WHAT TO PRODUCE ▸
Look below for the line containing "Mercedes-Benz C-Class 2016 — photo 18"; from there, print each line exactly up to and including the line containing "WDBKK49F41F175415 - 2001", and stop.
[DATA EXTRACT — start]
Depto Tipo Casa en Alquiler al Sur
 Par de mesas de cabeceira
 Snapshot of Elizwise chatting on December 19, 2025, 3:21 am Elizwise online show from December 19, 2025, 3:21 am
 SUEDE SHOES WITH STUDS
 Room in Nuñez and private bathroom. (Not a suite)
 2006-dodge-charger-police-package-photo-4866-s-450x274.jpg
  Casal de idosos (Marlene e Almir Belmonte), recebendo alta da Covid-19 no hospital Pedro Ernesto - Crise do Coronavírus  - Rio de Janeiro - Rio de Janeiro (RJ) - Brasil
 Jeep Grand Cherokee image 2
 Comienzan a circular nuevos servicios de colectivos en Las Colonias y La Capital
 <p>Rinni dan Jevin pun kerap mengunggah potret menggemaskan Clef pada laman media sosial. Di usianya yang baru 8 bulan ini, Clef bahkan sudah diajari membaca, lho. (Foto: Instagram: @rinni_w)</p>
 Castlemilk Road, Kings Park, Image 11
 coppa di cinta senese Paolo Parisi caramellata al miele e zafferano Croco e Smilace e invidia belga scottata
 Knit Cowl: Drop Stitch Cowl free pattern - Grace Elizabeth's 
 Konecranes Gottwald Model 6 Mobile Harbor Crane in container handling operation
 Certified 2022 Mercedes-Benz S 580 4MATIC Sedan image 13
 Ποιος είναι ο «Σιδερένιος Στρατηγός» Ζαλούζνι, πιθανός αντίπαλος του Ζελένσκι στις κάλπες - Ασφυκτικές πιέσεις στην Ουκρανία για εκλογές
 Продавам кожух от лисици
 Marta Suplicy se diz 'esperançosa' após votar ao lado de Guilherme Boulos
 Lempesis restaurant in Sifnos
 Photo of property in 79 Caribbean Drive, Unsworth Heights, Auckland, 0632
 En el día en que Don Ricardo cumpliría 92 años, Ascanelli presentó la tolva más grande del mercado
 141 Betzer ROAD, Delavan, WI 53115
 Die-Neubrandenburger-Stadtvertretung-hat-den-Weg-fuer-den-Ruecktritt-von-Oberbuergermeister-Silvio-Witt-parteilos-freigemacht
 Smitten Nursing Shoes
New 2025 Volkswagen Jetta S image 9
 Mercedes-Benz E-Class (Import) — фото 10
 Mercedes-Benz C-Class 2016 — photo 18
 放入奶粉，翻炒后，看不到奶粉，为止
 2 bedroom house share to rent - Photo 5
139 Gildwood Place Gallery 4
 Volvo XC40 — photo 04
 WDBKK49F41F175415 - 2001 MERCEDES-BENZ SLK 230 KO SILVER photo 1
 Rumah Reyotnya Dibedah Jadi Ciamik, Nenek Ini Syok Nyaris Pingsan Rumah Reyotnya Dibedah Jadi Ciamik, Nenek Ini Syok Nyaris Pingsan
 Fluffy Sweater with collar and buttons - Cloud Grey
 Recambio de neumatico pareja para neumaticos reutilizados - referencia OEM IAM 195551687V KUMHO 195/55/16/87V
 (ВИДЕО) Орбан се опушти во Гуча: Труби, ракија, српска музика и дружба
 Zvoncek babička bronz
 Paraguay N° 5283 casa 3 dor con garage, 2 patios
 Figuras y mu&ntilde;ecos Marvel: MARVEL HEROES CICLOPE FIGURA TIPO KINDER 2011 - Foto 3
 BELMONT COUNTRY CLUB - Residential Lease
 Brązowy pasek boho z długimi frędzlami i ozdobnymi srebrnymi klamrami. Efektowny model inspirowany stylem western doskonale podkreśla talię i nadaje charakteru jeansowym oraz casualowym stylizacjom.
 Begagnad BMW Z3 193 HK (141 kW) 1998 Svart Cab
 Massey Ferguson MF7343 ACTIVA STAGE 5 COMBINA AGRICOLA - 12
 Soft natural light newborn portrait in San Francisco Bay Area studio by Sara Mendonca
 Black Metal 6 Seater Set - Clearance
[DATA EXTRACT — finish]
SOLUTION TO THIS PROBLEM ▸
 Mercedes-Benz C-Class 2016 — photo 18
 放入奶粉，翻炒后，看不到奶粉，为止
 2 bedroom house share to rent - Photo 5
139 Gildwood Place Gallery 4
 Volvo XC40 — photo 04
 WDBKK49F41F175415 - 2001 MERCEDES-BENZ SLK 230 KO SILVER photo 1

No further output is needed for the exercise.